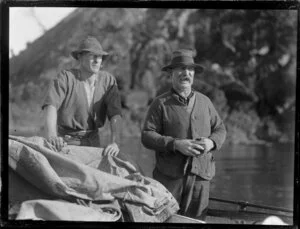 Two unidentified whalers, both who wear hats and one of whom who is smoking, Bay of Islands, Far North District, Northland Region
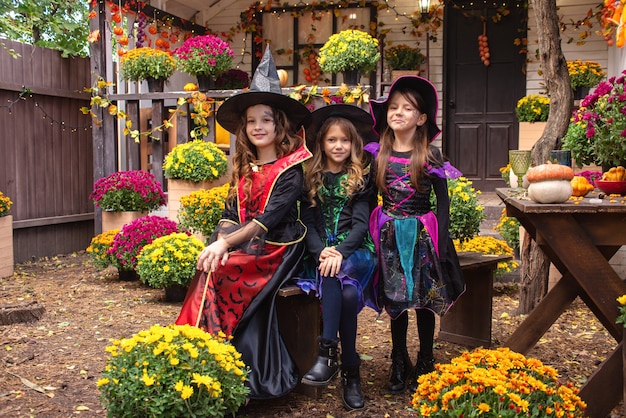 girls sisters in witch costumes have fun celebrating halloween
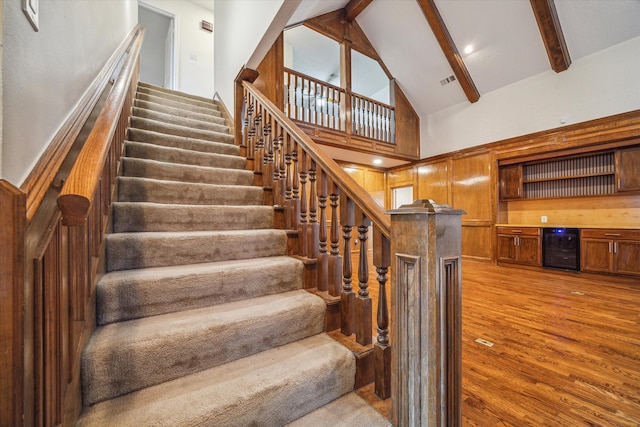 stairway featuring beam ceiling, hardwood / wood-style flooring, high vaulted ceiling, and beverage cooler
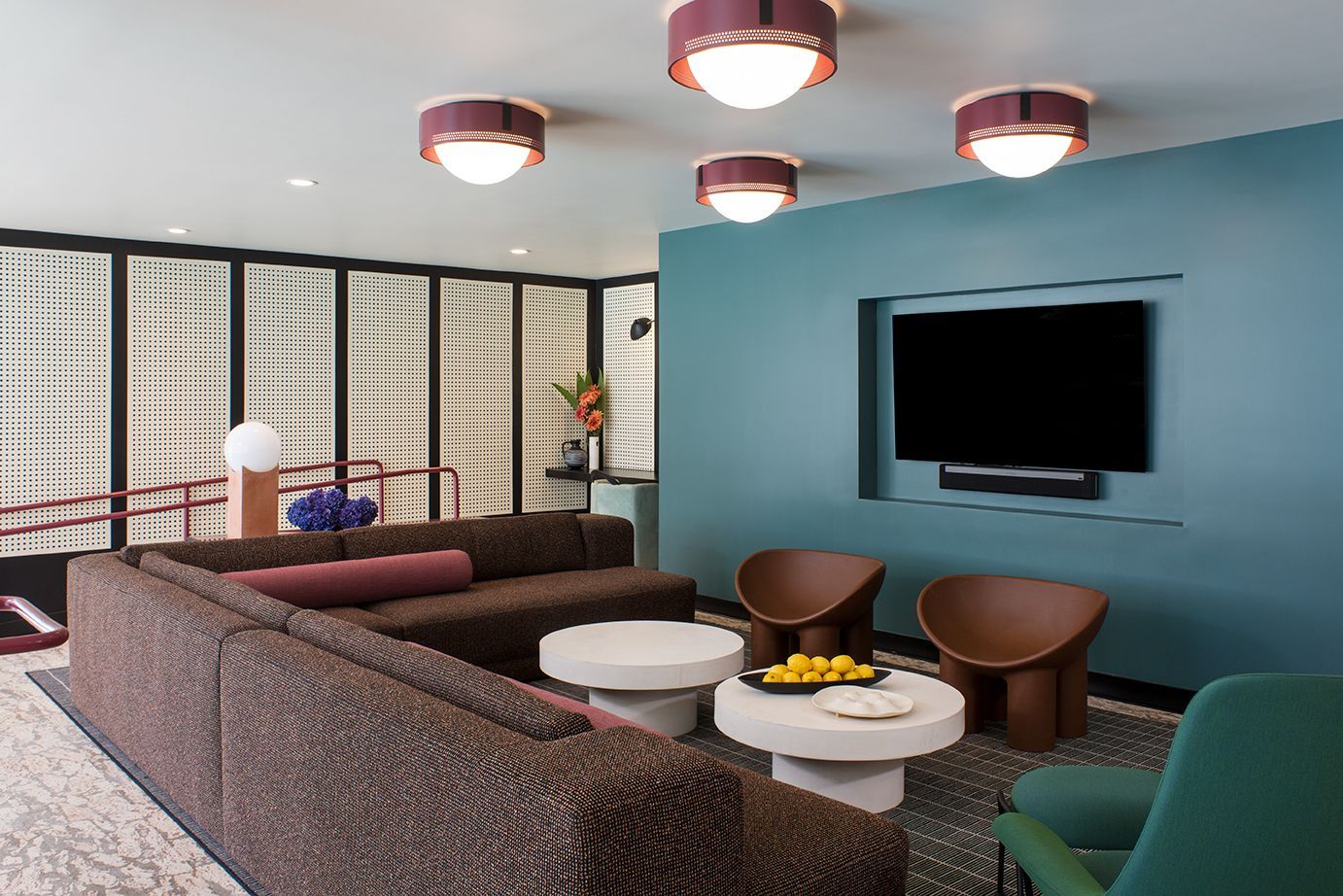 Modern lounge with brown sofas, round tables, wall-mounted TV, and blue accent wall under ceiling lights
= = = =
Exercise goal
Take the line containing "girls sisters in" through the last line of the material and retype exactly those lines, both ends included, with no pictures.

Completed exercise
 girls sisters in witch costumes have fun celebrating halloween
 stairway featuring beam ceiling, hardwood / wood-style flooring, high vaulted ceiling, and beverage cooler
 Modern lounge with brown sofas, round tables, wall-mounted TV, and blue accent wall under ceiling lights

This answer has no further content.